1. ## Quick check of my work? (Arc Length)

G'day! I'm supposed to set up integrals and evaluate the length of the curve for three problems. I just wanted to make sure I've got the set up done right, since evaluating should be relatively easy.

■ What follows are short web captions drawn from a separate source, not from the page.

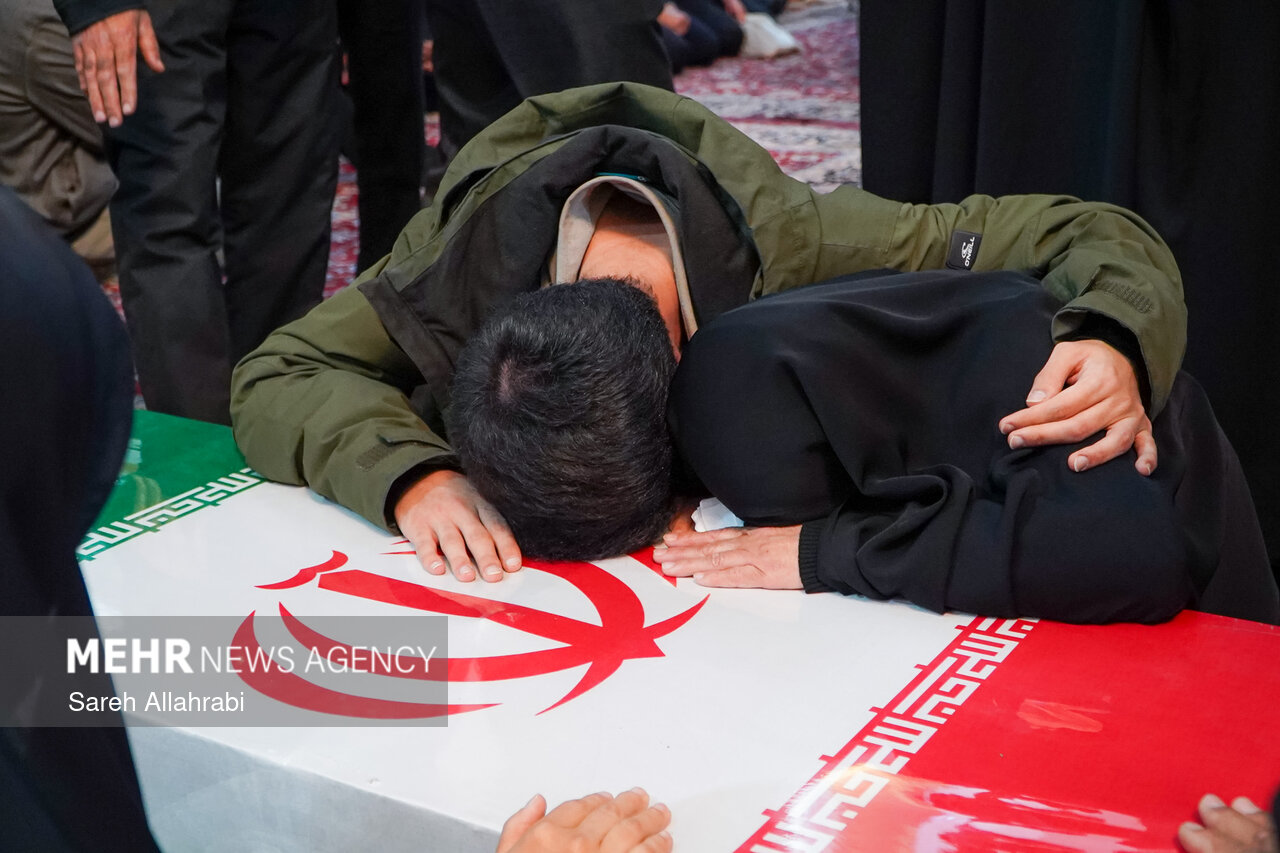 وداع با ۵ شهید قهرمان ناوشکن دنا در شمیرانات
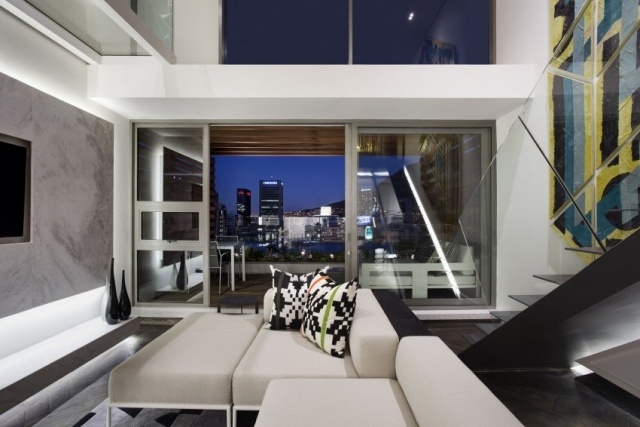 Modern maisonette lägenhet vardagsrum natt belysning marmor soffa trappor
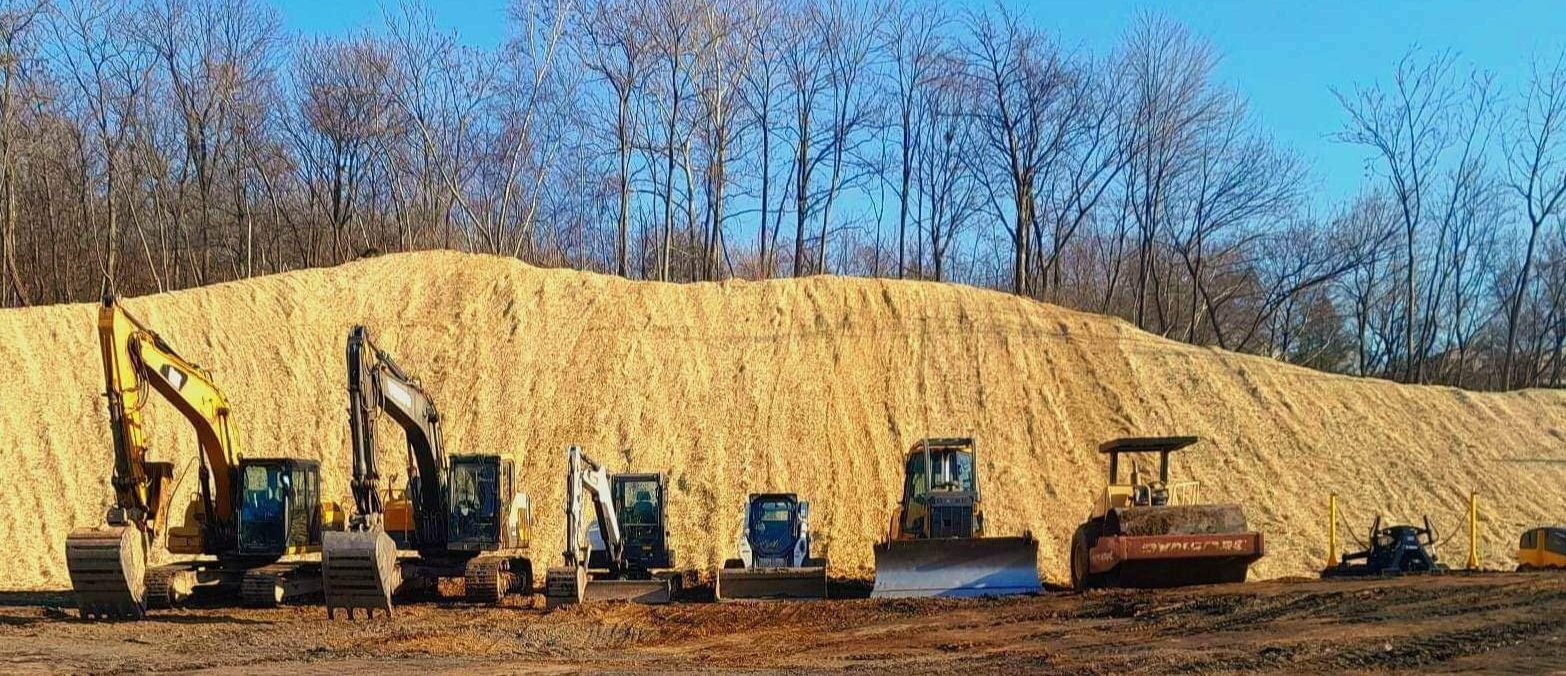 Oranssi carpenter using bench saw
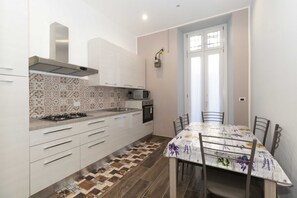 Fridge, stovetop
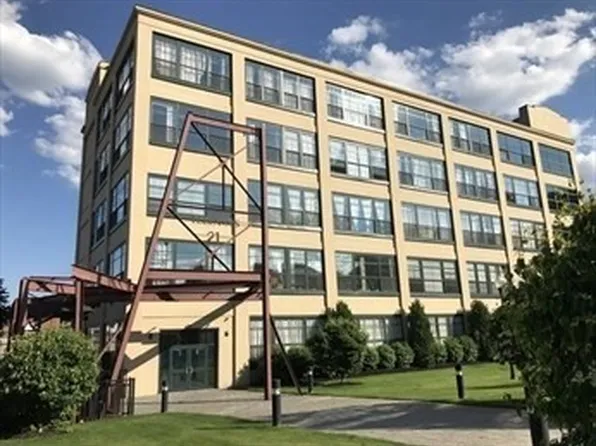 21 Illinois St APT 202, Worcester, MA 01610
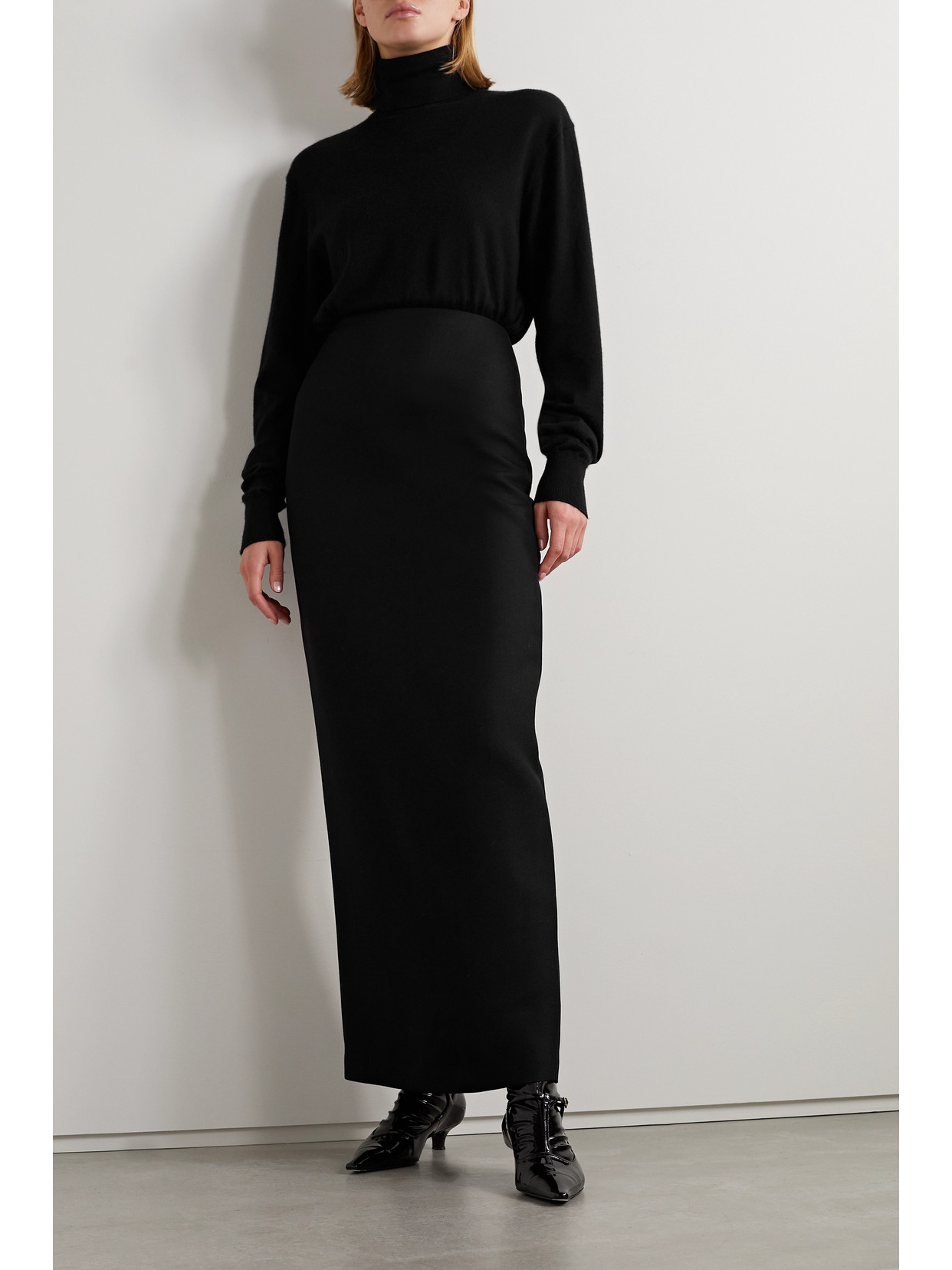 The Row Bartelle Grain De Poudre Wool And Mohair-blend Maxi Skirt In Black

So, the formula I'm using is:

$\int_a^b{\sqrt{1+(f'(x))^2}}dx$

a) for the curve $y=e^xcosx$, in the interval $0\leq{x}\leq{\pi}$

I got: $\int_0^{\pi}{\sqrt{1+e^{2x}(1-sin2x)}}dx$

b) for the curve: $y=2x+sinx$, in $0\leq{x}\leq{4\pi}$

I got: $\int_0^{4\pi}{\sqrt{cos^2x+4cosx+5}}dx$

c) for the curve: $y=6x+cosx$, in $0\leq{x}\leq{5\pi}$

I got: $\int_0^{5\pi}{\sqrt{cos^2x+12cosx+37}}dx$

Thank you very much, mates! Lemme know if you need the step in between!

2. a) is correct.

b) is correct.

c) should actually be $\displaystyle \int_0^{5\pi}{\sqrt{\sin^2{x} - 12\sin{x} + 37}\,dx}$.

3. Thanks, mate!

I wrote the wrong trigonometric function. It's not $cosx$, it's $sinx$!! It should read: $6x + sinx$!

How about now? Is my answer right?

4. Originally Posted by Bethanny
Thanks, mate!

I wrote the wrong trigonometric function. It's not $cosx$, it's $sinx$!! It should read: $6x + sinx$!

How about now? Is my answer right?
Yes, if the original function is $\displaystyle 6x + \sin{x}$ then your arc length integral is fine.